WORK REQUEST
Of the entries below, return exactly those lines that fall between the one containing "Влажный корм Monge" and the one containing "Wood 5-Drawer Dresser with Fluted Panels 48", the two end lines included.

DATA FOR THE TASK
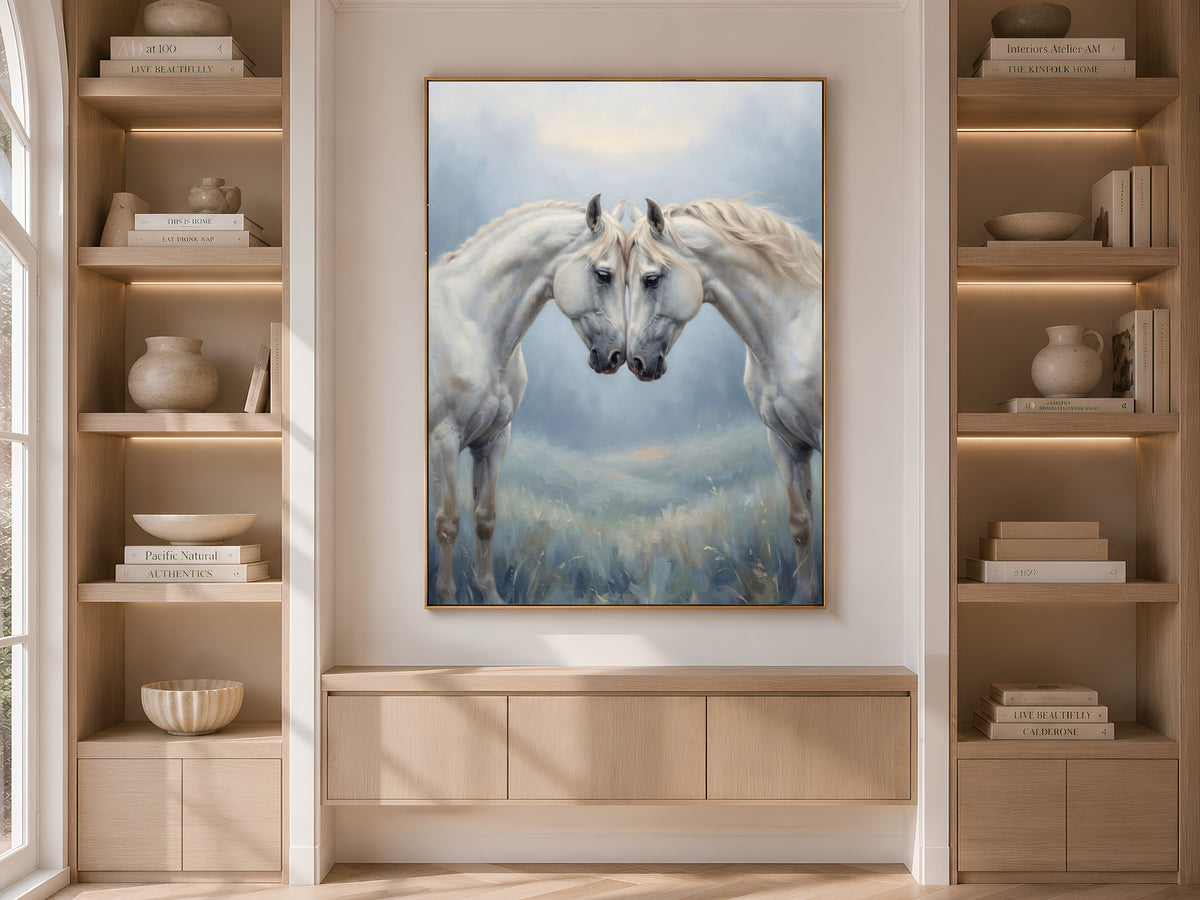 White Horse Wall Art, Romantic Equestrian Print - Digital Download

--

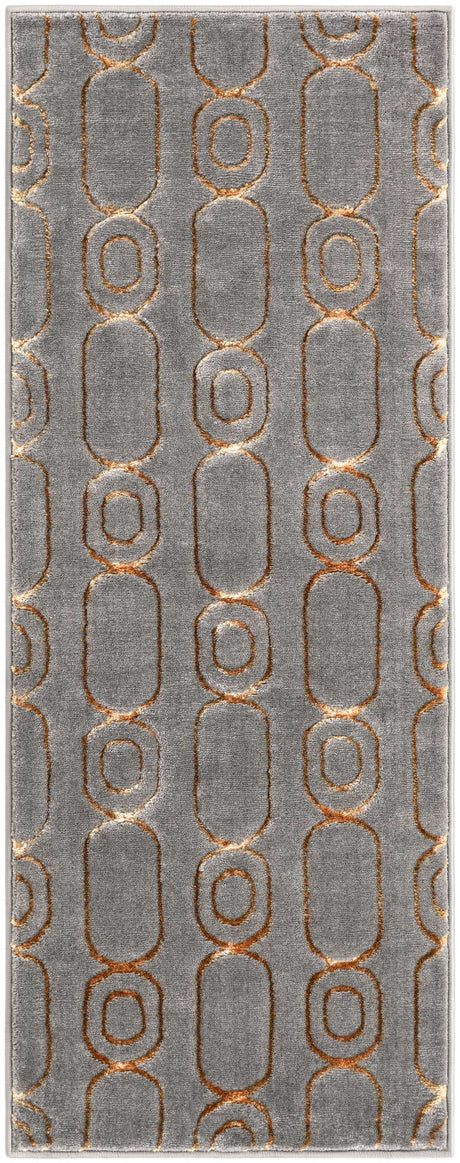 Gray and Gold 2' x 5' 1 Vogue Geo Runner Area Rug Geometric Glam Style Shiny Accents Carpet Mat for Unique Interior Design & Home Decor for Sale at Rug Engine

* * *

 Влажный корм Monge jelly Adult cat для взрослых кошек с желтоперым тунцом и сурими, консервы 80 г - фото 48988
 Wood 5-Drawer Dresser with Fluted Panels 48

RESULT OF THE TASK
 Влажный корм Monge jelly Adult cat для взрослых кошек с желтоперым тунцом и сурими, консервы 80 г - фото 48988
 Wood 5-Drawer Dresser with Fluted Panels 48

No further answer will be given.